Python web scraping, only collects 80 to 90% of intended data rows. Is there something wrong with my loop?


I'm trying to collect the 150 rows of data from the text that appears at the bottom of a given Showbuzzdaily.com web page (example), but my script only collects 132 rows.

I'm new to Python. Is there something I need to add to my loop to ensure all records are collected as intended?

To troubleshoot, I created a list (program_count) to verify this is happening in the code before the CSV is generated, which shows there are only 132 items in the list, rather than 150. Interestingly, the final row (#132) ends up being duplicated at the end of the CSV for some reason.

I experience similar issues scraping Google Trends (using pytrends), where only about 80% of the data I try to scrape ended up in the CSV. So I'm suspecting there's something wrong with my code or that I'm overwhelming my target with requests.

Adding time.sleep(0.1) to for while loop in this code didn't produce different results.

import time
import requests
import datetime
from bs4 import BeautifulSoup
import pandas as pd # import pandas module

from datetime import date, timedelta

# creates empty 'records' list
records = []

start_date = date(2021, 4, 12)
orig_start_date = start_date # Used for naming the CSV
end_date = date(2021, 4, 12)
delta = timedelta(days=1) # Defines delta as +1 day

print(str(start_date) + ' to ' + str(end_date)) # Visual reassurance

# begins while loop that will continue for each daily viewership report until end_date is reached
while start_date <= end_date: 
    start_weekday = start_date.strftime("%A") # define weekday name

    start_month_num = int(start_date.strftime("%m")) # define month number
    start_month_num = str(start_month_num) # convert to string so it is ready to be put into address

    start_month_day_num = int(start_date.strftime("%d")) # define day of the month
    start_month_day_num = str(start_month_day_num) # convert to string so it is ready to be put into address
    
    start_year = int(start_date.strftime("%Y")) # define year
    start_year = str(start_year) # convert to string so it is ready to be put into address

    #define address (URL)
    address = 'http://www.showbuzzdaily.com/articles/showbuzzdailys-top-150-'+start_weekday.lower()+'-cable-originals-network-finals-'+start_month_num+'-'+start_month_day_num+'-'+start_year+'.html'
    print(address) # print for visual reassurance

    # read the web page at the defined address (URL)
    r = requests.get(address)

    soup = BeautifulSoup(r.text, 'html.parser')

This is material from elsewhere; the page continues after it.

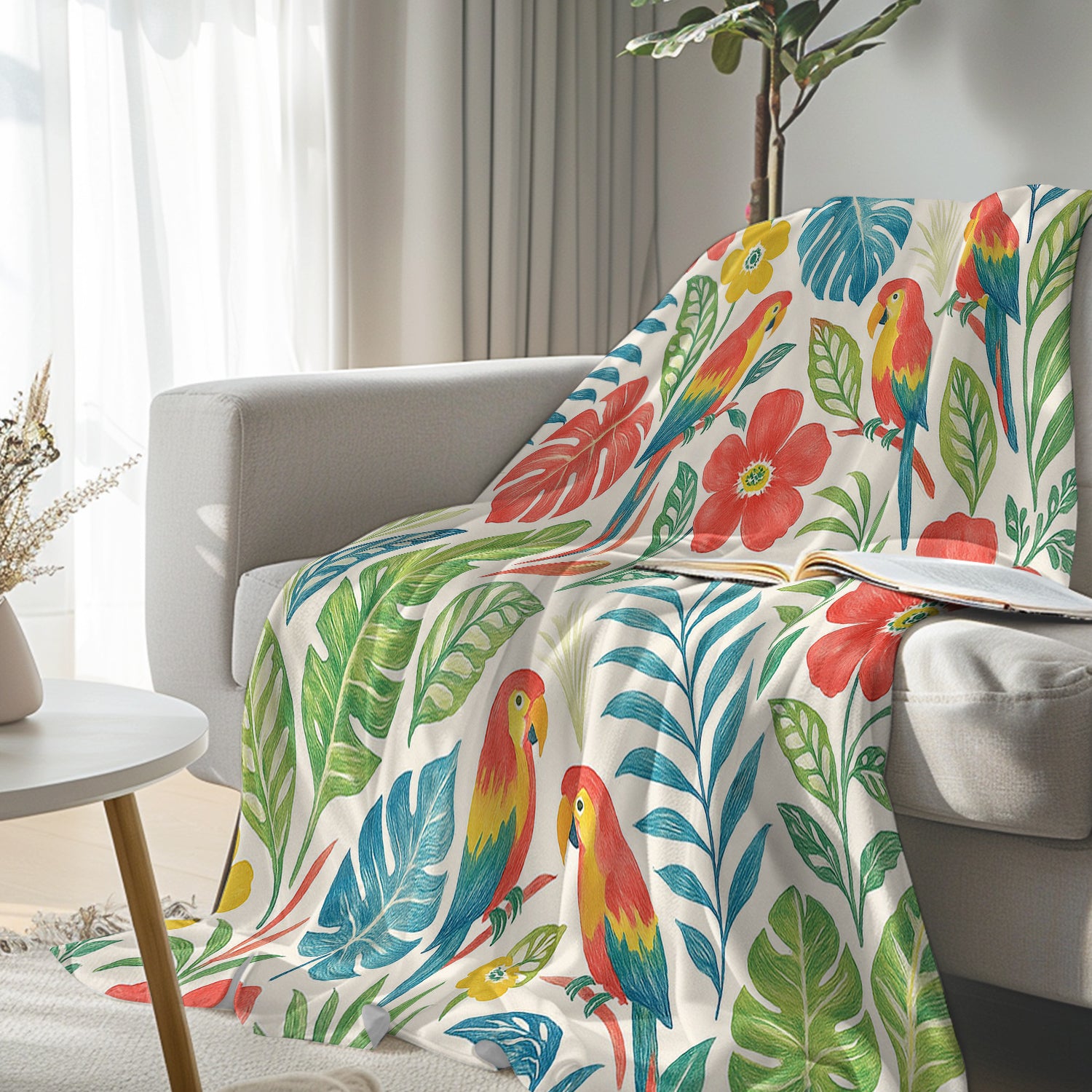 Classic Tropical Flannel Fleece Blanket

    # we're going to deal with results that appear within <td> tags
    results = soup.find_all('td')

    # reads the date text at the top of the web page so it can be inserted later to the CSV in the 'Date' column
    date_line = results[0].text.split(": ",1)[1] # reads the text after the colon and space (': '), which is where the date information is located
    weekday_name = date_line.split(' ')[0] # stores the weekday name
    month_name = date_line.split(' ',2)[1] # stores the month name
    day_month_num = date_line.split(' ',1)[1].split(' ')[1].split(',')[0] # stores the day of the month
    year = date_line.split(', ',1)[1] # stores the year

    # concatenates and stores the full date value
    mmmmm_d_yyyy = month_name+' '+day_month_num+', '+year

    del results[:10] # deletes the first 10 results, which contained the date information and column headers

    program_count = [] # empty list for program counting

    # (within the while loop) begins a for loop that appends data for each program in a daily viewership report
    for result in results:
        rank = results[0].text # stores P18-49 rank
        program = results[1].text # stores program name
        network = results[2].text # stores network name
        start_time = results[3].text # stores program's start time
        mins = results[4].text # stores program's duration in minutes
        p18_49 = results[5].text # stores program's P18-49 rating
        p2 = results[6].text # stores program's P2+ viewer count (in thousands)
        records.append((mmmmm_d_yyyy, weekday_name, rank, program, network, start_time, mins, p18_49, p2)) # appends the data to the 'records' list

        program_count.append(program) # adds each program name to the list.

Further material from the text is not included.